How do the changes in art -- the redefinition and reinvention of art -- affect culture? By a continual proliferation of creative expression by many through the accessibility of current day technologies. For artists who specialize in communications, the vast electronic networks are more than a system of information distribution. They are the symbolic foundation which opportune a spatial and temporal perception. The computer and telecommunications are essential in the continuation of art's recreation and redefinition, if only because they are the technologies of the times. This process is a perpetual operation. In doing so, an artist uses the technology as context along with aesthetic understanding as content to produce a body of art that has purpose. It is a sense of a fundamental view of life, whether a dirty struggle or a glorious vision -- tragic or far reaching. Art expresses a certain value system or a view of life as the artist sees it from her reference point -- past, present and future.

Interactivity and joint-authorship offer a challenge. If art is designed to present a value or a world view, then does making art interactive detract from the artist's ability to express a value? Given that when the artist invites participation, that participatory interaction adds new value or interpretation. Does this detract from what the artist has originally created, or can the framework allow that interaction while still maintaining the ability to express what the artists initially had in mind? For example, what if an artist builds a virtual world where the framework is a battle of antagonists -- can this art be creative while building something destructive? Can a virtual world that promotes optimal thinking and creativity be at the discretion of how well the players create something enlightening?

Participatory and interactive art brings a provocation to the question of who has the right to redefine art. If the individual mode of expression remains primary in the manifestation of a concept, is it the engineer or the viewer? Critics may attempt to decide for you or me what is art and what is not art in substance as well as definition. I challenge their aesthetic know-how and I challenge their pockets. Certainly the critique as a literary medium is valid and noteworthy, yet the appreciation of art cannot belong to anyone other than the individual to whom it is experienced.

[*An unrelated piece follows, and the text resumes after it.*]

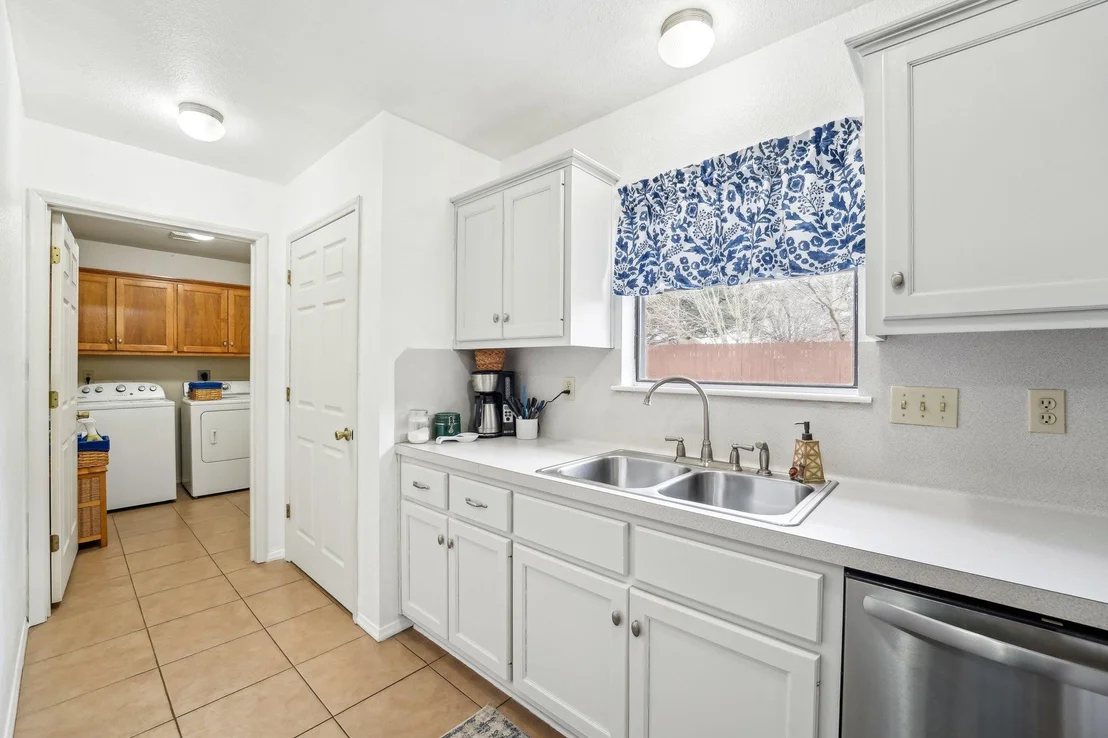 Photo of 402 Laurel ST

Therefore, personal taste is the definitive judge of its desirability.

Performance Art offers an example. "The history of performance art in the twentieth century is the history of a permissive, open-ended medium with endless variables, executed by artists impatient with the limitations of more established art forms, and determined to take their art directly to the public. For this reason its base has always been anarchic." Performance Art, Rose Lee Goldberg.

Performance Art can be an immediate and overall conscious mode of expression. It does not bear an absolute definition, leaving it continually open to redefinition and reinvention. Whether or not this is a cheep shot or a mythical experience, it is up to the authoring artist and his talent to convey information and ideas. Within the realms of performance art, the artist has leeway to do just about anything, and usually does. On a more academic note, it allows the artist to compose compositions with a collaborative sense by utilizing a variety of individual skills. In this sense, one is not just a designer, an author, a producer, an actress, but an architect of vision engineered to communicate information. Thus, it can be all encompassing. Perhaps there is more stress in the completion of such a challenge; but, on an individual note, there can be more freedom of expression and less time to worry about what to do with dormant talents.

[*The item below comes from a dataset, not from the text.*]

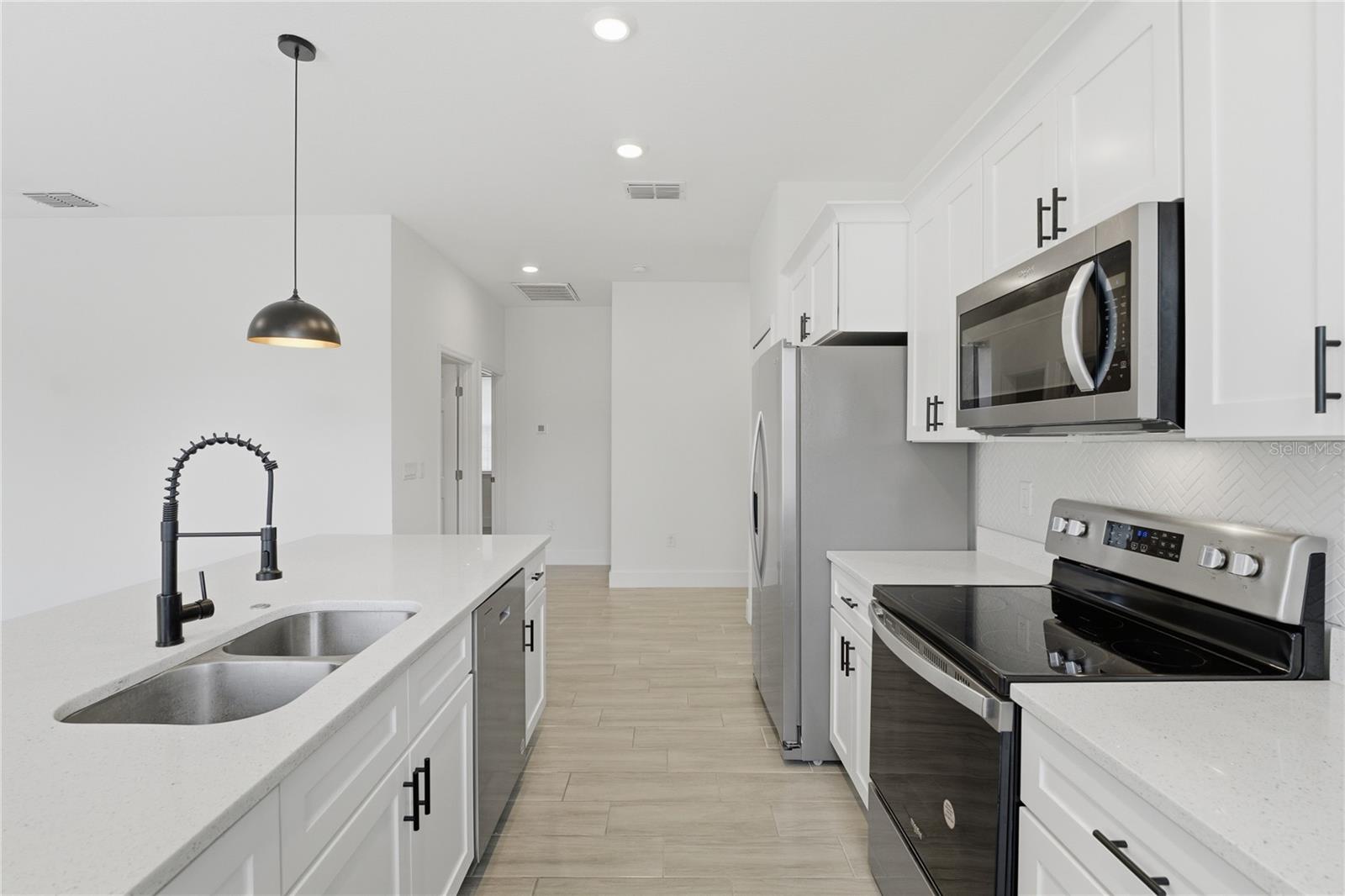 MARION OAKS UN THREE - Residential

Artists can be zealous activists in stretching the limits of vision. As cultural agents -- the artist can assert her creative talents towards an optimal future. Rather than let our imaginations become hijacked by perpetual, continuous mass dissemination of information, an opportunity awaits the artistic cultural landscape. All the aspects of aspiration are here, now, and the culture has been calling for a new context and infrastructure. A choice is to create images that are important but may not be identified as commercially viable, just yet. If the culture is not ready to identify a value to a new context, then do it anyway! It will catch up. As an architectural metaphor -- the context is the technology, the content the aesthetics.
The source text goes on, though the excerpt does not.